The mental workload of nurses in intensive care units can be successfully assessed with the help of eye movement goggles.
In a study published recently in Human factors: Journal of the Society for Human Factors and Ergonomics, Nima Ahmadi, a professor in the Department of Industrial and Systems Engineering at Rensselaer Polytechnic Institute, and researchers at the Houston Methodist Center for Results Studies used eye tracking and physiological monitoring technologies to study cognitive load and visual search for stressors. Collected data -; ocular and physiological reactions -; of whole 12-hour nursing shifts were analyzed to assess cognitive loads between day and night shifts, as well as to compare the beginning with the middle and the end of the shift. In addition, the impact of stress on the visual demand of nurses was assessed.
His research found no significant difference in the cognitive levels of nurses who work during the day compared to those who work at night. However, Dr. Ahmadi found that the beginning of work shifts was more demanding than the middle and end of shifts in the intensive care unit, and stressed nurses had shortened fixation, which was accompanied by more sporadic gaze behavior.
This is the first naturalistic study to use eye-tracking technology to assess the behavior of critical care nurses. The analysis of this rich set of data can shed light on the main factors that contribute to high stress and demanding episodes of nurses and will pave the way for effective interventions to address the mental health of providers. We believe that this study will provide basic knowledge that could inform the design of real-time stress monitoring systems and burn mitigation. “
Dr. Nima Ahmadi, Lecturer, Department of Industrial and Systems Engineering, Rensselaer Polytechnic
Nurses working in intensive care units have a particularly high workload, which can lead to cognitive overload and medical errors. Continuous unobtrusive measurements of mental strain and stress are needed to support nurses and improve patient outcomes. Previous studies of nurses have measured cognitive / mental stress, namely through self-reporting tools or through the use of indicators such as patient-nurse ratios or patient acuity assessments; these methods fail to capture fluctuations in workload or stress and fail to address the overall gap in real-time monitoring.

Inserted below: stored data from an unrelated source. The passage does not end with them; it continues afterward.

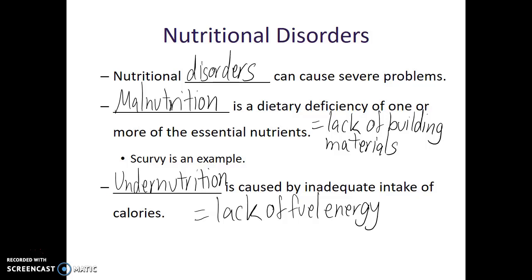In most modern developed countries, it would be far easier to be malnourished without being undernourished, because this can happen simply by eating junk food, fast food, or not having a balanced diet. However, if an individual is undernourished, they're likely also going to be malnourished as well, because if they aren't able to get enough food in general, they are likely not receiving a balanced diet.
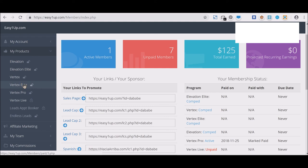What that means is Elevation $25 cha-ching, Elevation Elite $100 cha-ching, Vertex $250, Vertex Elite $500, Vertex Pro $1,000.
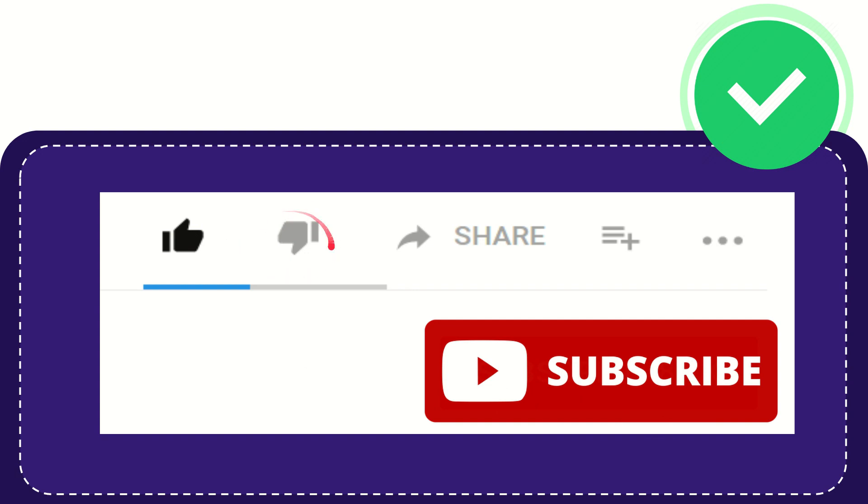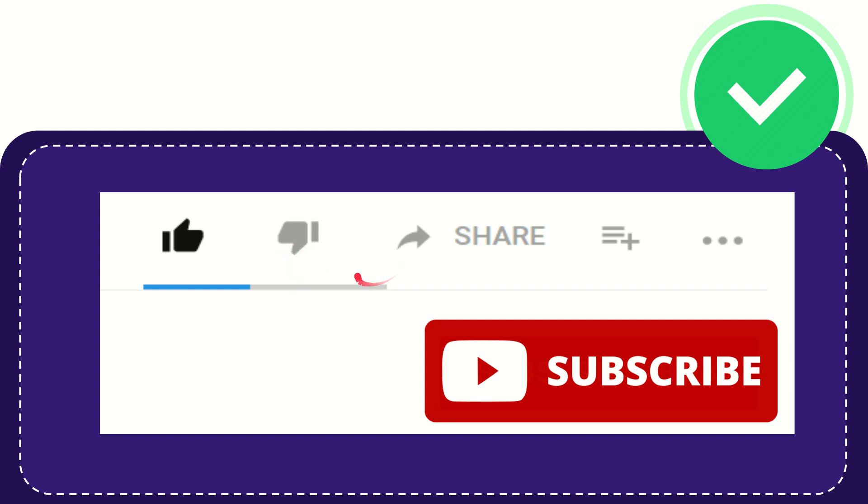If you don't like this video, you can click the dislike button. If you want to share this video with your friends, click the share button.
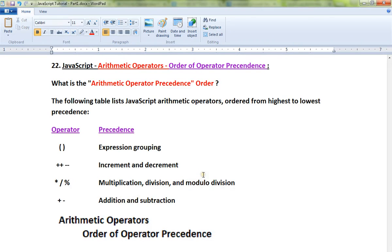Hi friends, in this video we will discuss the Order of Operator Precedence in JavaScript.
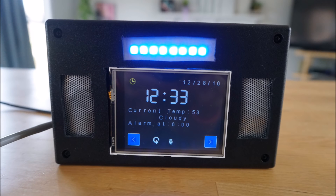The solution for this problem is a device I created called NTIME. NTIME is an Arduino and PCduino powered device that automatically sets your alarm based on weather and traffic data to your destination.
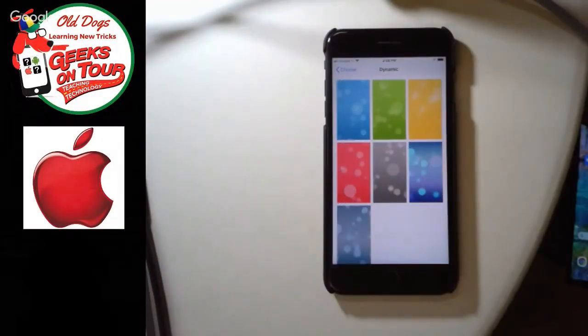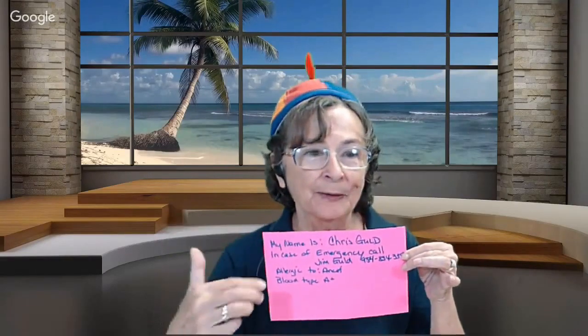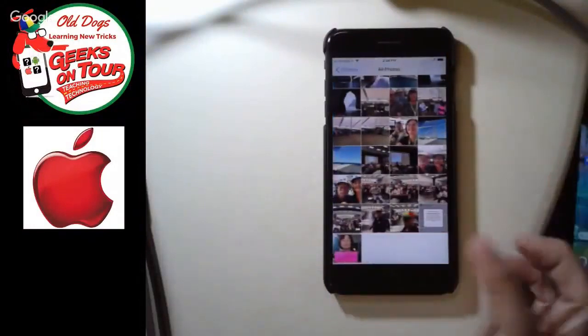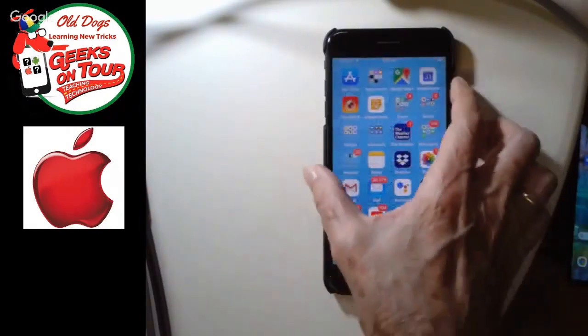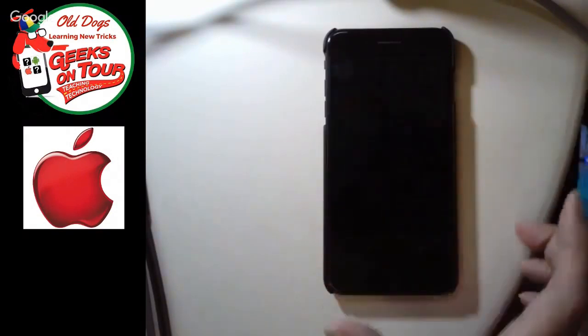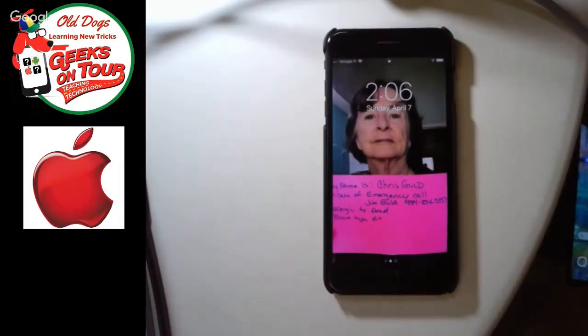I'm going to do something a little different because we're talking about safety and security — having custom information that emergency responders can access. One do-it-yourself way to have your emergency information on your lock screen is to just take a photo of your emergency information, which I did, and make that the wallpaper for your lock screen only. So now when I turn on my iPhone, that's the lock screen. If you want to have some really customized information there for anybody who picks up your phone, that's a way to do it.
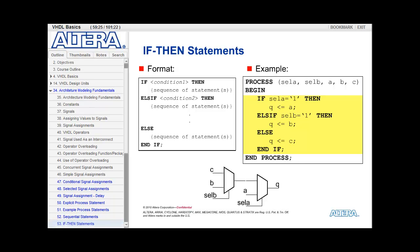The if-then statement allows us to do selection. The format is: if some condition is true, then a sequence of statements is evaluated. Else if condition 1 is not true but condition 2 is true, then we execute another sequence of statements. If none of the conditions above are true, a final else clause defaults to a sequence of statements and executes those.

Dr. Ahmadi’s study is the first naturalistic study to attempt to load and stress in the intensive care unit using ocular indicators and physiological responses, including pupil diameter, gaze entropy, fixation, and saccadic eye movements. “The results of this and subsequent studies will clarify the complexity of intensive care and their potential impact on patient safety and provide much-needed support for the mental health of providers,” said Dr. Ahmadi. The next steps in this study would be the use of machine learning tools to identify moments of stress and communicate them in real time to nursing managers to meet the complex care needs of critically ill patients.
The main researcher of this study was Farzan Sasangohar from the University of Texas A&M and a Methodist from Houston. The study received a grant from the Dyer Foundation. Dr. Ahmadi joined the paper “Quantifying the workload and stress of nurses in intensive care units using a naturalistic assessment of the provision of clinical care”, by Jing Yang and Denny Yu Ph.D. of Purdue University, Valerie Danesh of the University of Texas at Austin, Faisal Masood MD, FCCP, FCCM and Stephen Klan of Houston Methodist.
Rensselaer Polytechnic Institute
Reference in the magazine:
Ahmadi, N., et al. (2022) Quantification of workload and stress in nurses in intensive care units: preliminary assessment by continuous eye monitoring. Human Factors The Society’s Journal of Human Factors and Ergonomics. doi.org/10.1177/00187208221085335.